• [Task prompt] Output only the lines below that start at the line containing "How to ping website [upl. by Ledah929]" and end at the line containing "PHYREXIA: ALL WILL BE ONE - Bundle", with both ends kept.

• [Dataset excerpts]
*** Block opens ***

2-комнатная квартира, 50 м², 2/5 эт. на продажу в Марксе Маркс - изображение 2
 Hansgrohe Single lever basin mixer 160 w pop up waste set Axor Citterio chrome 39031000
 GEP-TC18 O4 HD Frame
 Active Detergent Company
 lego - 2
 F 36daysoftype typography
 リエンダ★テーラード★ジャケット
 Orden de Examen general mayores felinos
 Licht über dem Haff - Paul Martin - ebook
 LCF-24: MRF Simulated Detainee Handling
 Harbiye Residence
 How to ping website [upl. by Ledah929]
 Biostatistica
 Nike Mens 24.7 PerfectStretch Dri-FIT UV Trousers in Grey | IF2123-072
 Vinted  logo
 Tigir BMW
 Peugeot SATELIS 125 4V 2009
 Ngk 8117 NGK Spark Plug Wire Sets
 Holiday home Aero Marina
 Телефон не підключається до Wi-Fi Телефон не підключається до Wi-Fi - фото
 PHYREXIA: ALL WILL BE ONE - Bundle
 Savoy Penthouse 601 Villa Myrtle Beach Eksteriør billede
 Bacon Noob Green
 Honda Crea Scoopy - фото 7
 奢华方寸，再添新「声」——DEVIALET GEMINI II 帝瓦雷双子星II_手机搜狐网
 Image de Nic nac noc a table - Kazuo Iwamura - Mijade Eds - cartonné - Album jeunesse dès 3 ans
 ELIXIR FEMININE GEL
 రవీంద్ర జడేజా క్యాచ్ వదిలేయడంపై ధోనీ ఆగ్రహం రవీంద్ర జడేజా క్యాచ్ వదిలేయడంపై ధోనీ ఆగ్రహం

*** Block closes ***

• [Result below]
 How to ping website [upl. by Ledah929]
 Biostatistica
 Nike Mens 24.7 PerfectStretch Dri-FIT UV Trousers in Grey | IF2123-072
 Vinted  logo
 Tigir BMW
 Peugeot SATELIS 125 4V 2009
 Ngk 8117 NGK Spark Plug Wire Sets
 Holiday home Aero Marina
 Телефон не підключається до Wi-Fi Телефон не підключається до Wi-Fi - фото
 PHYREXIA: ALL WILL BE ONE - Bundle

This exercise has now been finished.